| What to do |
Take the lines from the one containing "Abeille collectant le" through the end of the material and write them out exactly, omitting pictures.

| Dataset section |
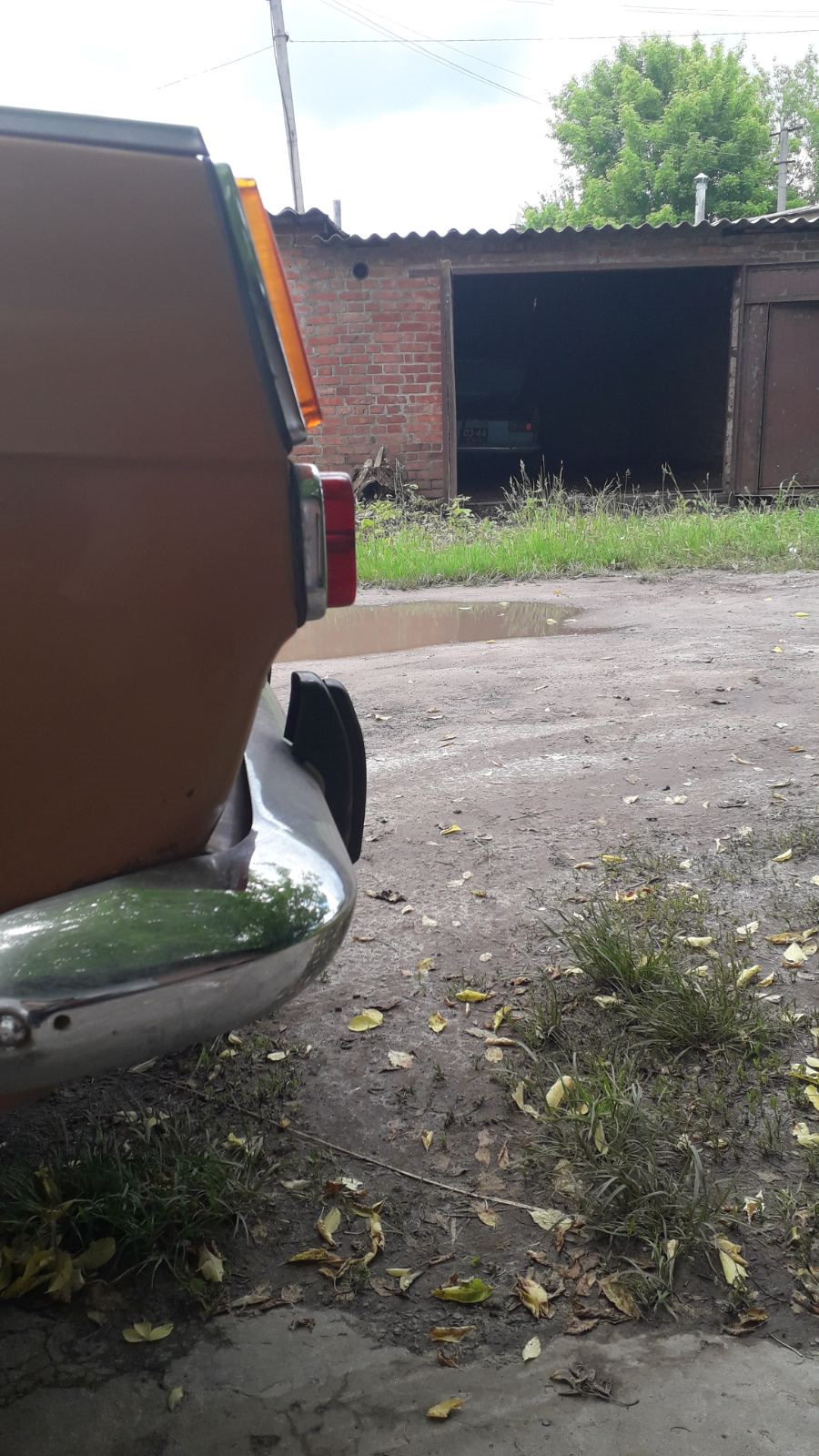 Купівля і на жаль розпив донора... 1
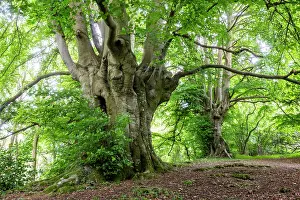 Fagales Prints: Ancient Beech trees (Fagus sylvatica) in summer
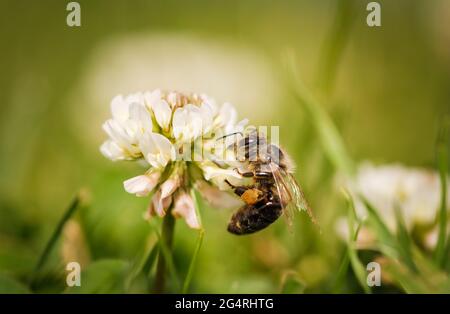 Abeille collectant le nectar d'une fleur de cloverin ensoleillé jour d'été Banque D'Images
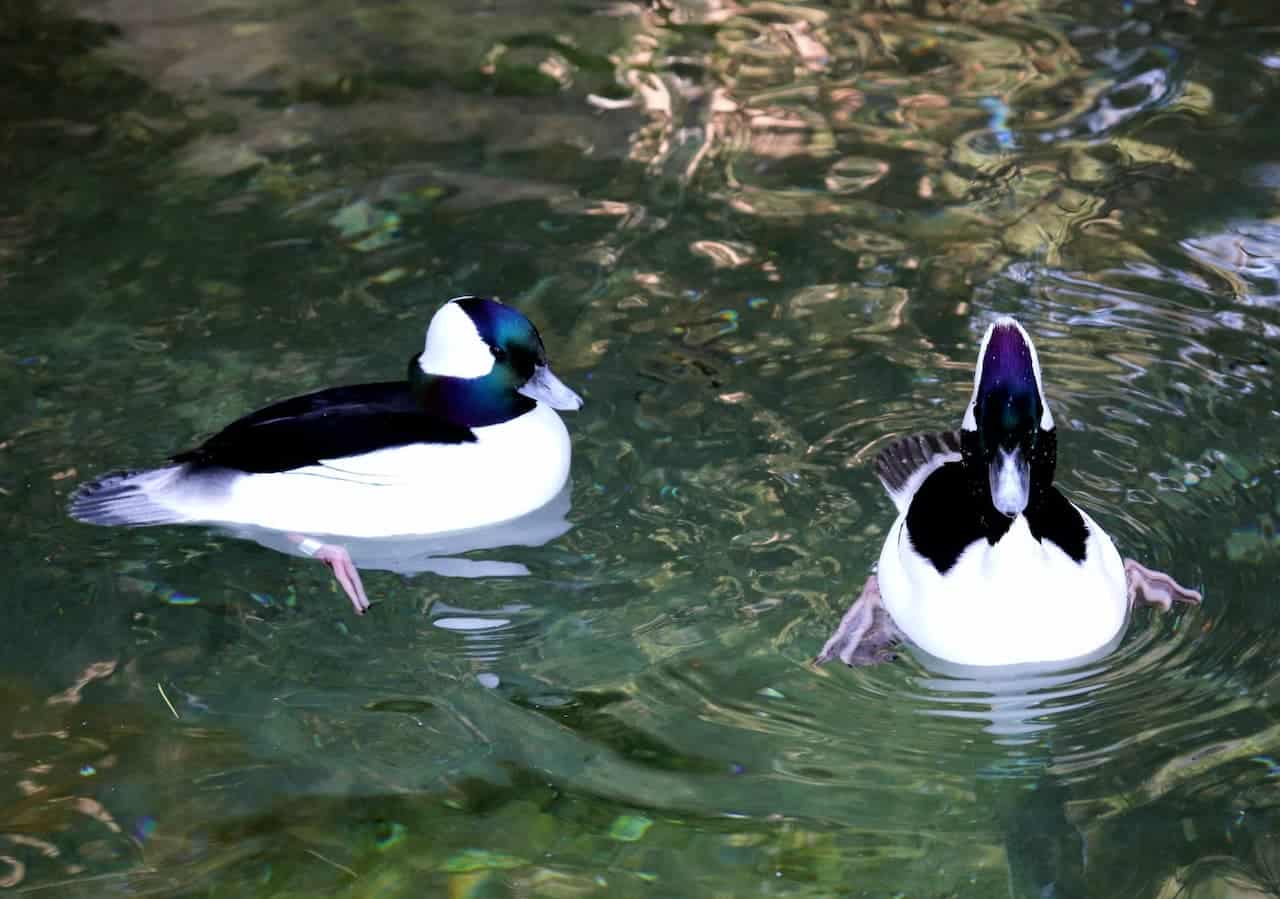Two Bufflehead Duck In The Water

| Exercise answer |
 Abeille collectant le nectar d'une fleur de cloverin ensoleillé jour d'été Banque D'Images
Two Bufflehead Duck In The Water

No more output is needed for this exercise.